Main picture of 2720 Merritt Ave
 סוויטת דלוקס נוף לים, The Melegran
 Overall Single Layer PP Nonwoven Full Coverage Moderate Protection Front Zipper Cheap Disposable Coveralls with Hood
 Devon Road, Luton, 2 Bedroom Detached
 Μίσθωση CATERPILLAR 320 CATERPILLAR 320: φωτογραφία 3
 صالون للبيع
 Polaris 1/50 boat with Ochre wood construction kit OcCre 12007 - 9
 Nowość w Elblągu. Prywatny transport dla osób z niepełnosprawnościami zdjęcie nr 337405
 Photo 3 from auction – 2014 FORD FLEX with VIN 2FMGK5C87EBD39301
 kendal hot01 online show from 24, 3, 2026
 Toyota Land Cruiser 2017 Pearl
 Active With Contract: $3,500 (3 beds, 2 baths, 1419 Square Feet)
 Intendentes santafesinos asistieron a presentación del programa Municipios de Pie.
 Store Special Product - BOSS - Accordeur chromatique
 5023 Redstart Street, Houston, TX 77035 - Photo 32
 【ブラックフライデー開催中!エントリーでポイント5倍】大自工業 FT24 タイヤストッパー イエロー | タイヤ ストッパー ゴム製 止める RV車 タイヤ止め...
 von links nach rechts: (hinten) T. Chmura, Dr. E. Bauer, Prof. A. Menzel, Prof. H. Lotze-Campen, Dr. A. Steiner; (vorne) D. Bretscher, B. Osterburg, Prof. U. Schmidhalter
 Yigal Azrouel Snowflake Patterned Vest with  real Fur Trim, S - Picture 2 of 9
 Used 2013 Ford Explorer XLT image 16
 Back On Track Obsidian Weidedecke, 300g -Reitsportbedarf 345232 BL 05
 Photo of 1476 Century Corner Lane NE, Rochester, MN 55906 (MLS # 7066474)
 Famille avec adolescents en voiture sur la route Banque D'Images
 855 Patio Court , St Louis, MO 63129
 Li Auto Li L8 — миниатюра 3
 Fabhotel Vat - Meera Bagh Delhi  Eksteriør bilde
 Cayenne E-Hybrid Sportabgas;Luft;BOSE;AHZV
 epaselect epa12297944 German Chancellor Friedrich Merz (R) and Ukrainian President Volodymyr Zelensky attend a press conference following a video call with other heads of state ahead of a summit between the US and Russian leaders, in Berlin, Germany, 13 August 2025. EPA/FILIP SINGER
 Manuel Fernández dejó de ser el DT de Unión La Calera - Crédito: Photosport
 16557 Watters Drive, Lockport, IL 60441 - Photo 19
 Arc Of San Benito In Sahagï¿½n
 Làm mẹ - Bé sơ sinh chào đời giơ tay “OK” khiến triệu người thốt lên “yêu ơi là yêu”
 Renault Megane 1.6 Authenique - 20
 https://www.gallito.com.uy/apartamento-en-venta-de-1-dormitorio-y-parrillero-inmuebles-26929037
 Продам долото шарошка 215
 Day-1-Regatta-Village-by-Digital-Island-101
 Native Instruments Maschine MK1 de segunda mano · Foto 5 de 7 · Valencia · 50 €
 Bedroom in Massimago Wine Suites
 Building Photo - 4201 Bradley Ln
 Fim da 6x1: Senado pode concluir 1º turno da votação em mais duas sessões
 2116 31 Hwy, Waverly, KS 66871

# EXERCISE AIM:
Begin with the line containing "Photo of 1476" and retype it and each line after it through the end of the records, keeping them exact and including nothing more.

# RESPONSE FOR THIS EXERCISE:
 Photo of 1476 Century Corner Lane NE, Rochester, MN 55906 (MLS # 7066474)
 Famille avec adolescents en voiture sur la route Banque D'Images
 855 Patio Court , St Louis, MO 63129
 Li Auto Li L8 — миниатюра 3
 Fabhotel Vat - Meera Bagh Delhi  Eksteriør bilde
 Cayenne E-Hybrid Sportabgas;Luft;BOSE;AHZV
 epaselect epa12297944 German Chancellor Friedrich Merz (R) and Ukrainian President Volodymyr Zelensky attend a press conference following a video call with other heads of state ahead of a summit between the US and Russian leaders, in Berlin, Germany, 13 August 2025. EPA/FILIP SINGER
 Manuel Fernández dejó de ser el DT de Unión La Calera - Crédito: Photosport
 16557 Watters Drive, Lockport, IL 60441 - Photo 19
 Arc Of San Benito In Sahagï¿½n
 Làm mẹ - Bé sơ sinh chào đời giơ tay “OK” khiến triệu người thốt lên “yêu ơi là yêu”
 Renault Megane 1.6 Authenique - 20
 https://www.gallito.com.uy/apartamento-en-venta-de-1-dormitorio-y-parrillero-inmuebles-26929037
 Продам долото шарошка 215
 Day-1-Regatta-Village-by-Digital-Island-101
 Native Instruments Maschine MK1 de segunda mano · Foto 5 de 7 · Valencia · 50 €
 Bedroom in Massimago Wine Suites
 Building Photo - 4201 Bradley Ln
 Fim da 6x1: Senado pode concluir 1º turno da votação em mais duas sessões
 2116 31 Hwy, Waverly, KS 66871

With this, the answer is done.